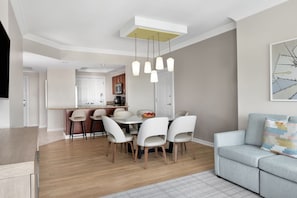A modern living room with a dining area, a sofa, and a kitchen in the background. - Dream Florida Escape in Fort Lauderdale! (Fort Lauderdale)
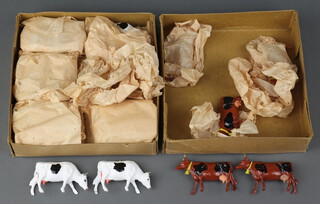 Benson Toys, 2 trade boxes of cows, 1 box containing Series F416 cows (x5), the other containing F425 cows (x24), in original wrapping and inserts, together with a trade box of Benbros Toys figures of farm labourers (x48)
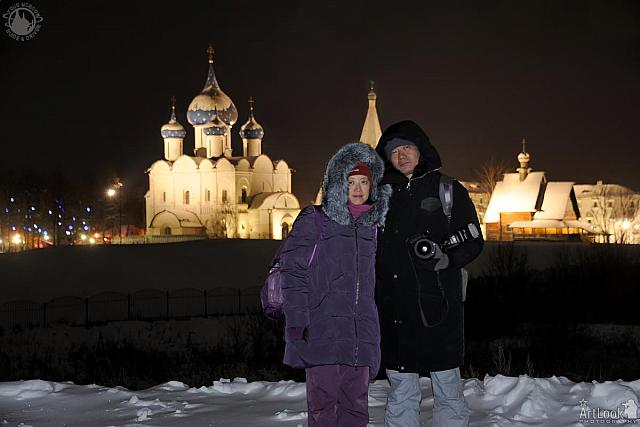 In Background of Illuminated Suzdal Kremlin in Winter Evening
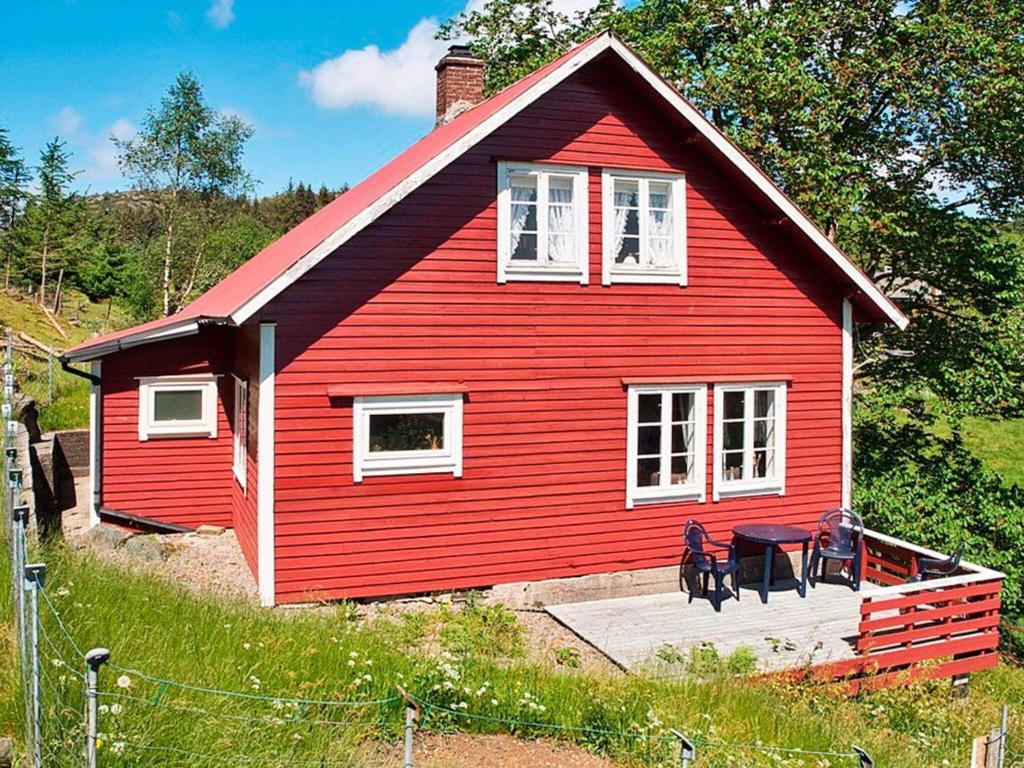 a red house with two chairs in front of it at Holiday home bremnes II in Bremnes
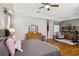 Spacious main bedroom with hardwood flooring, windows, a ceiling fan, and neutral paint color at 10404 Stanberry Ave, Las Vegas, NV 89135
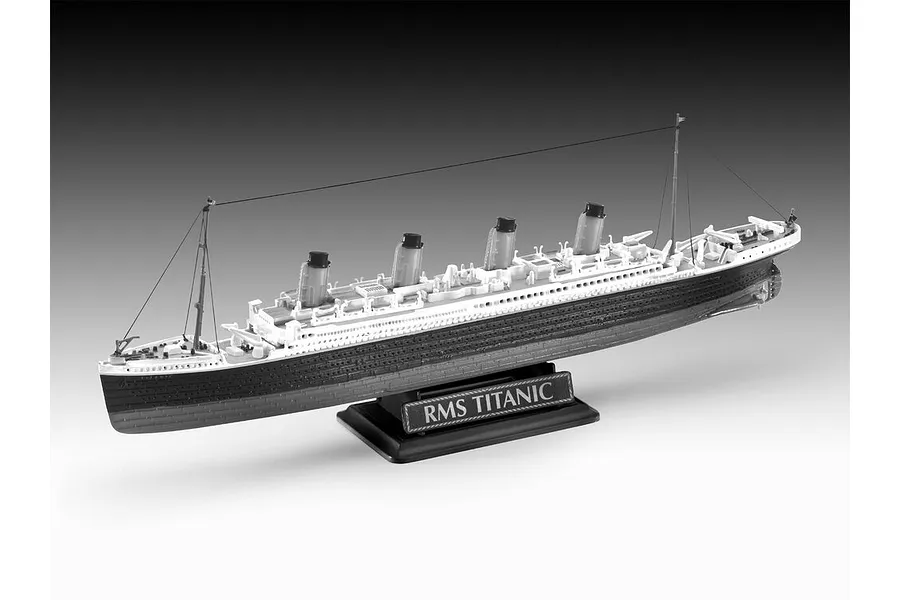 A completed plastic model of the RMS Titanic on a black display stand against a grey gradient background.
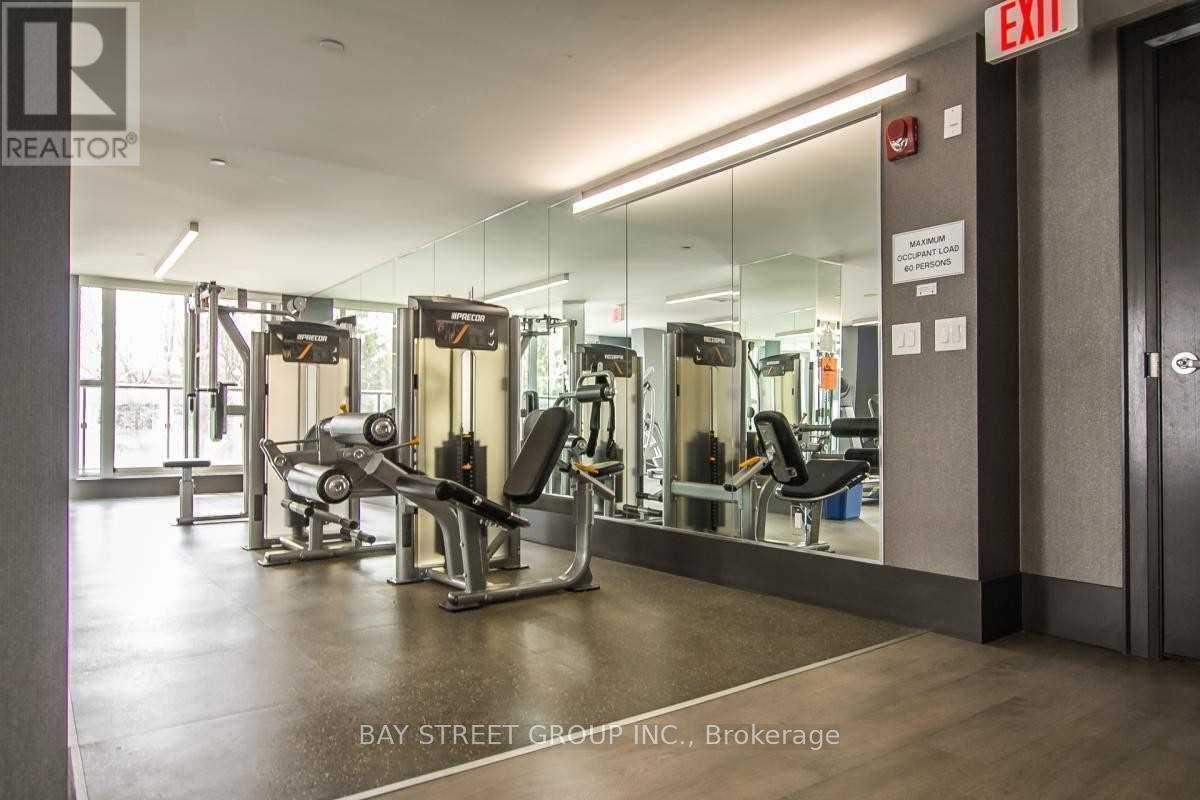 A gym with a mirrored wall and a sign that says exit.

═══

Print exactly what appears from the first line of the listing above down to the line containing "a red house", inclusive, and leave out all pictures.

- [Written reply]
A modern living room with a dining area, a sofa, and a kitchen in the background. - Dream Florida Escape in Fort Lauderdale! (Fort Lauderdale)
 Benson Toys, 2 trade boxes of cows, 1 box containing Series F416 cows (x5), the other containing F425 cows (x24), in original wrapping and inserts, together with a trade box of Benbros Toys figures of farm labourers (x48)
 In Background of Illuminated Suzdal Kremlin in Winter Evening
 a red house with two chairs in front of it at Holiday home bremnes II in Bremnes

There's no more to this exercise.